2007-02-13

Belarmino


O começo do filme Belarmino (1964) é surpreendente. Ouvimos dizer em off que o protagonista poderia ser um pugilista excepcional, mas que na realidade não o é: «Podia ter sido um grande pugilista, dos melhores da Europa, talvez até campeão dos meios leves e agora é quase um punching ball: Belarmino Fragoso». A locução inicial do Baptista Bastos dá o mote para todo o filme, porque o excelente documentário de Fernando Lopes fala apenas de uma eventualidade: não se descreve um campeão de pugilismo que tenha efectivamente existido, mas apenas aquele que poderia ter existido. Isto é, no mínimo, curioso. Parece estranho que o filme seja anunciado como um documentário e ainda mais insólito que o realizador tenha escolhido um protagonista aparentemente tão desinteressante e até desprezível.

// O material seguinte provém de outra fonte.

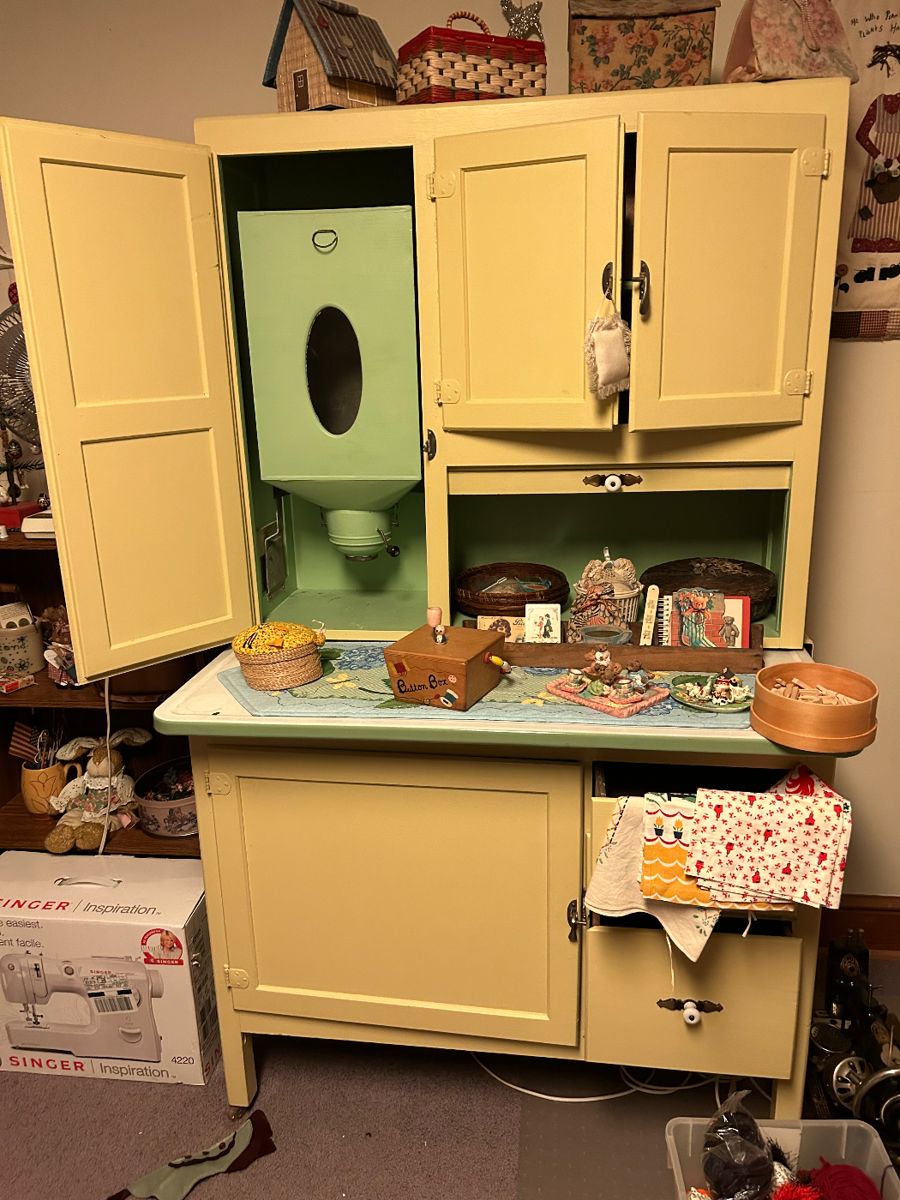 Pristine Hoosier cabinet!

Belarmino tem inúmeros defeitos e o pior deles é a falsidade. O senhor mente com o atrevimento mais descarado e tem o péssimo hábito de alijar responsabilidades: quando é questionado sobre o seu fiasco no ringue do Albert Hall perante um pugilista de segunda, ele desencanta uma história disparatada de corrupção e compadrio. Porém, as mentiras não nos incomodam por aí além. Não só porque o filme do Fernando Lopes deixa claramente à vista o que é ou não patranha, mas também porque a própria inépcia do Belarmino se encarrega de o denunciar, um pouco como a criança que diz ‘não fui eu’ com a boca lambuzada de doces. Aceitamos as mentiras do Belarmino Fragoso e até simpatizamos com elas, pela sua candura e ingenuidade. Mas não só.

O Belarmino seria um indivíduo risível em qualquer outro país do mundo, mas em Portugal é um campeão. Mais do que simples simpatia, existe entre ele e o público português uma verdadeira empatia: uma fusão emocional, uma adesão de sentimentos que se estabelece entre espectador e personagem de tal modo que parece dar-se entre os dois uma espécie de identificação ou projecção. Os portugueses reconhecem-se nas mentiras do Belarmino e na sua esquiva permanente à realidade, porque se há coisa que fazemos bem é não querer ver as coisas como elas são. A este respeito, uma diplomata francesa descreveu o nosso povo como «os chineses do ocidente», porque os chineses nunca vão directamente ao assunto, dão inúmeras voltas antes de lá chegar e sempre em termos pouco claros.

Além do seu feitio esquivo, há outras características do protagonista que são muito nossas: a mediocridade, a ignorância, a gabarolice e a indisciplina. Tudo isto faz do Belarmino um case study, um representante da mentalidade dos portugueses e do seu proverbial «medo de existir», uma figura tão típica e característica como o galo de Barcelos, o Zé Povinho ou o caldo verde. A condição portuguesa é o verdadeiro assunto de Belarmino e não apenas a vida de um pugilista falhado. Daí o valor documental do filme do Fernando Lopes, porque descreve com verdade e rigor a mentalidade de um povo. Se o realizador encena ou falseia alguns detalhes da vida do protagonista (algumas sequências, como a chegada aos treinos no Sporting ou o engate nos Restauradores, são manifestamente encenadas) é apenas para que se registe com mais fidelidade essa verdade maior.

1 comentário:

Bino disse...

Neste filme, excelente fotografia de Augusto Cabrita.